CryoET Image Processing Challenges

Overview

Cryo-electron tomography (cryoET) reconstructs 3D volumes, or tomograms, using rotational 2D projections from a sample. In an ideal scenario, each 2D image in a tilt series would represent a true projection of a 3D sample. However, in reality, tomogram reconstructions are based on blurred sample images due to microscope limitations, image acquisition settings, and electron scattering that result in missing, attenuated, or inverted components of true images. This blurring has to be taken into account during image processing to optimize tomogram resolution. Here we discuss major challenges that affect tomogram resolution and analysis, including noisy data, contrast transfer function (CTF), and the tilt angle limitation (“wedge problem”). To provide context for the limitations and their solutions, we’ll first describe how images are processed.

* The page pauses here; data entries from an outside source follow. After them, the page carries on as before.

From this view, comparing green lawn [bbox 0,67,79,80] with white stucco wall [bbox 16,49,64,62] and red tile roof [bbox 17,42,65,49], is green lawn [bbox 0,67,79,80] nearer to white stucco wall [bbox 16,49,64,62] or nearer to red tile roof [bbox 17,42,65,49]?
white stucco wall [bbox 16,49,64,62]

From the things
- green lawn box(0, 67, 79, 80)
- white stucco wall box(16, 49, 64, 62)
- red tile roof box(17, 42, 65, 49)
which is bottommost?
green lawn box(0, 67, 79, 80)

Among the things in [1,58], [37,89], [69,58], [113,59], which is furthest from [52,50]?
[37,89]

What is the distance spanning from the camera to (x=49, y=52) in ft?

Image Processing: Fourier Space

Researchers transform 2D images into their frequency domain representation using Fourier transforms to enable efficient tomogram reconstruction. Think of an image as a mixture of lots of different patterns – some big and blurry (low resolution), some small and sharp (high resolution). A Fourier transform is a mathematical process that can break down exactly which patterns are present in the image and how strong each one is. These patterns are represented as a combination of different waves, where each wave component describes a particular pattern or level of detail in the image based on their magnitude (strength) and spatial frequency. This information is stored in Fourier space, a representation of the image based on wave patterns. Importantly, researchers can easily convert between Real and Fourier space. Fourier components can be visualized using a power spectrum plot, which depicts the magnitude of each spatial frequency component.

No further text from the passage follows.